Artífice de la demoledora Celebración, Thomas Vinterberg, sin alejarse demasiado de los preceptos dogmáticos que ayudó a instaurar a finales de los 90 como hiperrealista opción narrativa, vuelve a sacudirnos con la austeridad y la crudeza de un drama social que tiene su perturbadora fuerza no solo en su hiriente credibilidad, sino en su más que probable condición de historia inspirada en “frecuentes” hechos reales. Calumnias que pueden manchar, destrozar una vida impotente ante los ávidos y a menudo irracionales juicios sociales, simultáneos y paralelos a la justicia ordinaria y real. Y eso da miedo. Mucho. Porque nadie es inmune, nadie está libre de sospecha cuando el oprobio es infundado, y la indefensión en esos casos es terrorífica y desesperadamente absoluta. Una angustiosa sensación de asfixia que se erige en el motor dramático del film, que impregna cada centímetro del patio de butacas, y nos hace compartir esa ansiedad que mata de pura impotencia (la escena de la iglesia es paralizante). Rabia y desesperación que fácilmente pueden hacer aflorar el monstruo interior y salvaje que nos habita a todos, y que al emerger nos podría hacer perder las razones de la inocencia; aunque cualquiera de nosotros lo justificaría dadas las circunstancias.
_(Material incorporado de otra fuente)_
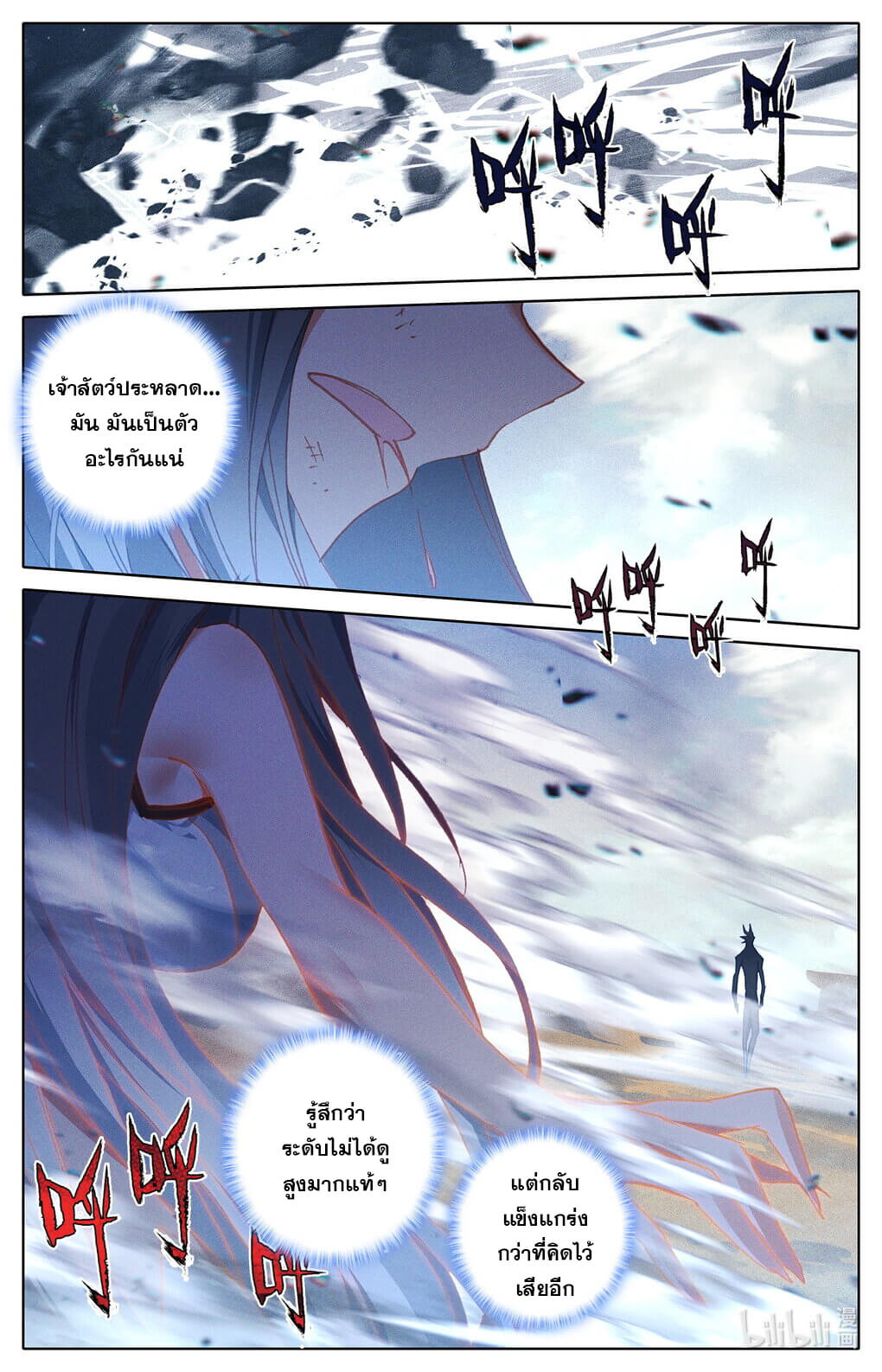 ชาวบ้านที่แข็งแกร่งที่สุดในสถาบันเซียน ตอนที่ 12 หน้า 9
El trabajo de Mads Mikkelsen al frente del reparto es algo más que formidable. Es una lección de contención anímica al límite. Un portentoso ejercicio de fuerza dramática transmitido en formato casi minimalista. Sin estridencias. Atónito ante la pesadilla, prefiere asomarse al abismo de la inmolación, cuyas primeras piedras proceden de anónimas manos amigas, antes que abandonar su entorno y, de algún modo, reconocer la mentira en su huída.
No desvelaremos aquí la ignominia que provoca el drama, por si alguien aún no lo sabe, pero asusta pensar lo frágiles y vulnerables que pueden ser los límites de la sinrazón.